Stored items:
========
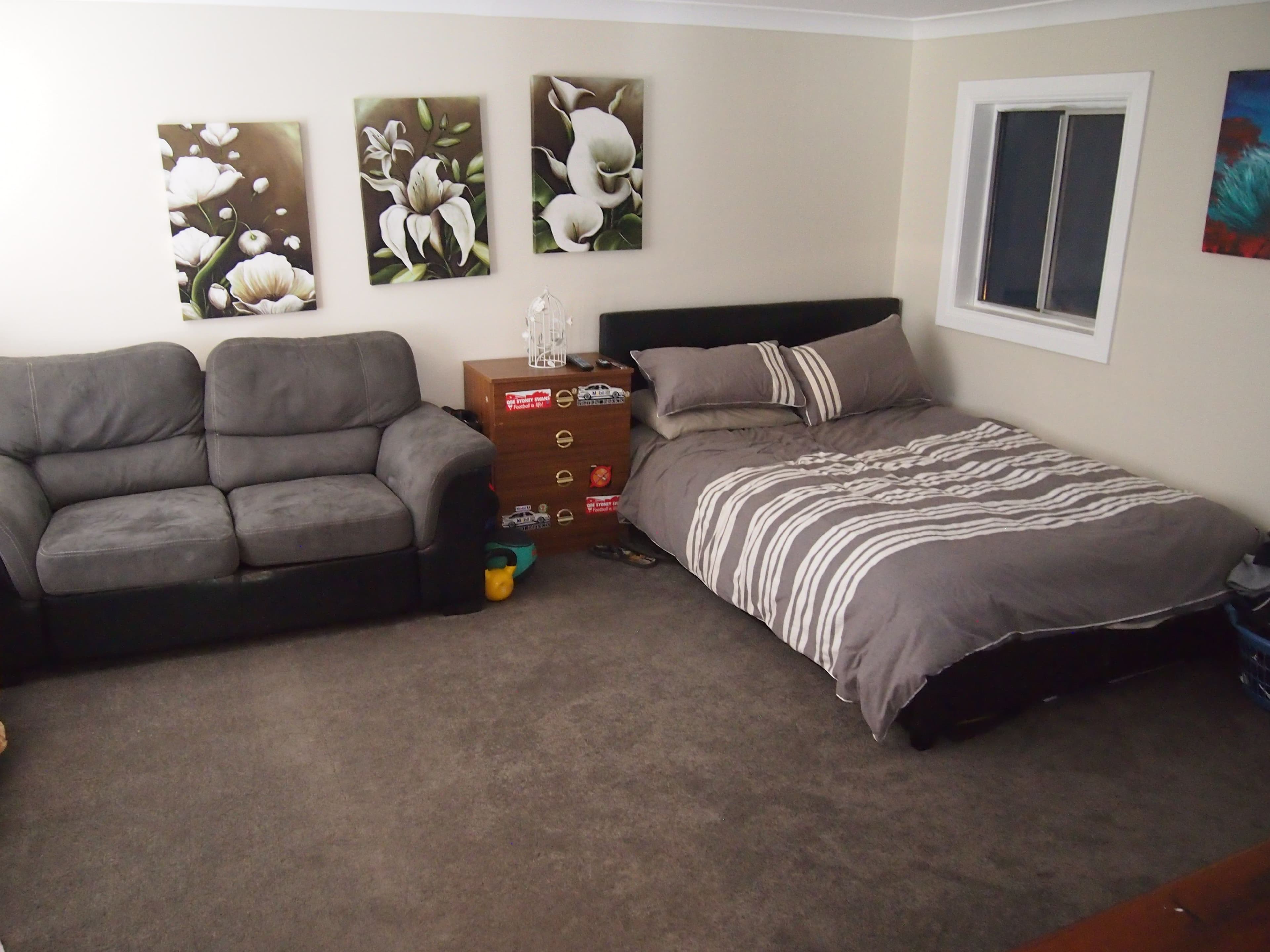 97 Orange Street, Condobolin - Thumbnail 8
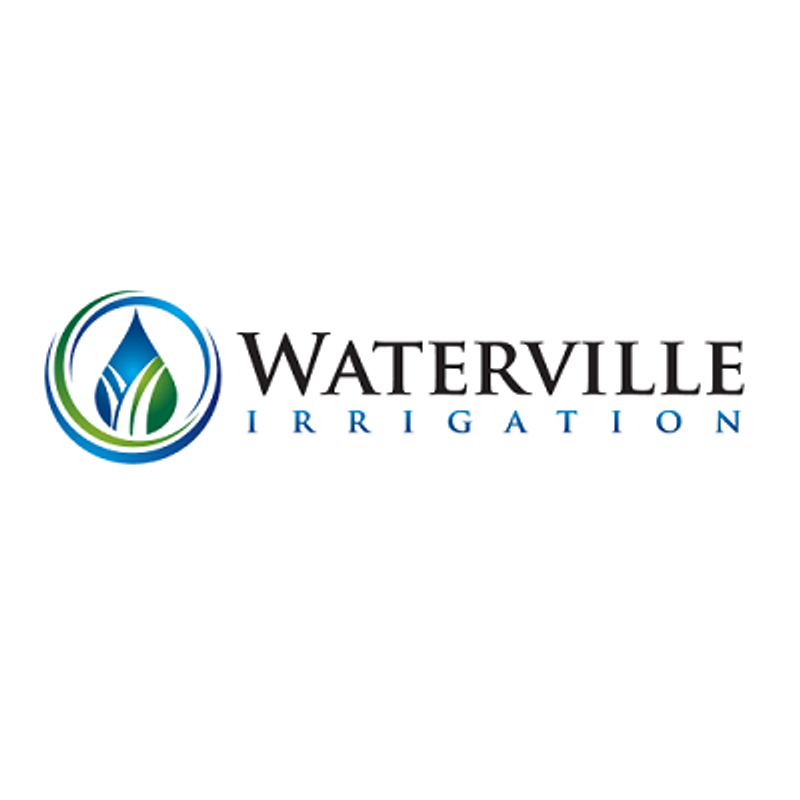 Waterville Irrigationinc 3D printer users group Groups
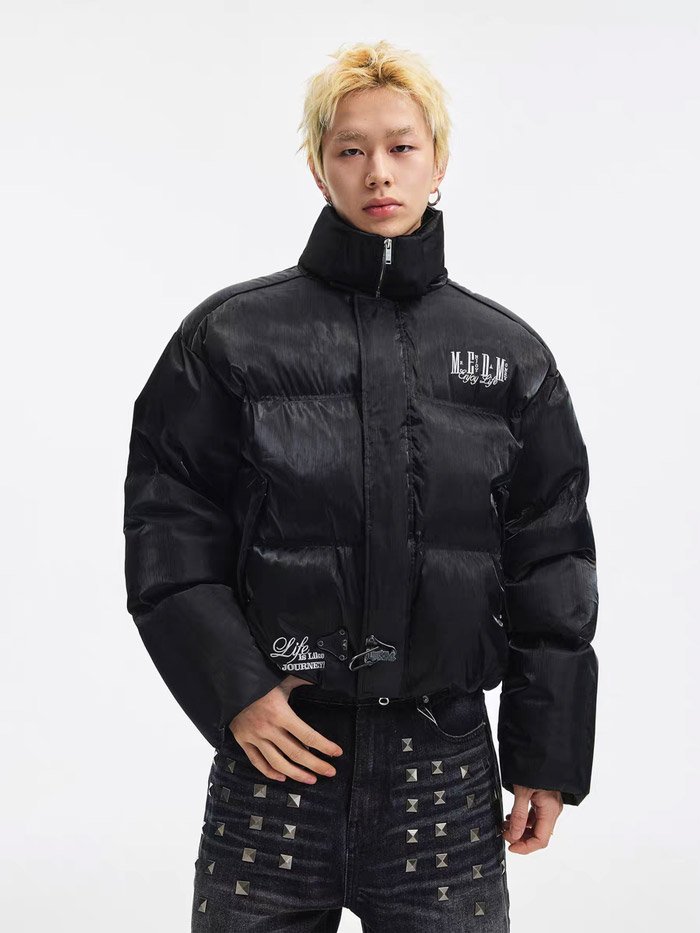 国潮顶流炸场预警!MEDM 2026年1月10日新品集结,承包你的时髦感图片11 国潮顶流炸场预警!MEDM 2026年1月10日新品集结,承包你的时髦感图片11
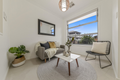 Property photo of 11 Haines Road Lightsview SA 5085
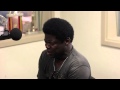 Charles Bradley - Heartaches and Pain 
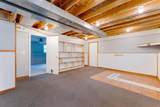 746 Spring Falls Avenue - Photo 48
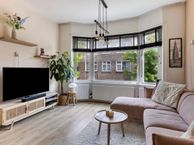 A.P. Fokkerstraat 44-A, 9713 JN Groningen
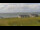 Webcam on the island of Norderney, 0.7 mi away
========
YOUR ASSIGNMENT: Once you find the line that contains "国潮顶流炸场预警!MEDM 2026年1月10日新品集结,承包你的时髦感图片11 国潮顶流炸场预警!MEDM", give it again along with every later line through the end of the data, word for word, minus the pictures.

REPLY:
 国潮顶流炸场预警!MEDM 2026年1月10日新品集结,承包你的时髦感图片11 国潮顶流炸场预警!MEDM 2026年1月10日新品集结,承包你的时髦感图片11
 Property photo of 11 Haines Road Lightsview SA 5085
 Charles Bradley - Heartaches and Pain 
 746 Spring Falls Avenue - Photo 48
 A.P. Fokkerstraat 44-A, 9713 JN Groningen
 Webcam on the island of Norderney, 0.7 mi away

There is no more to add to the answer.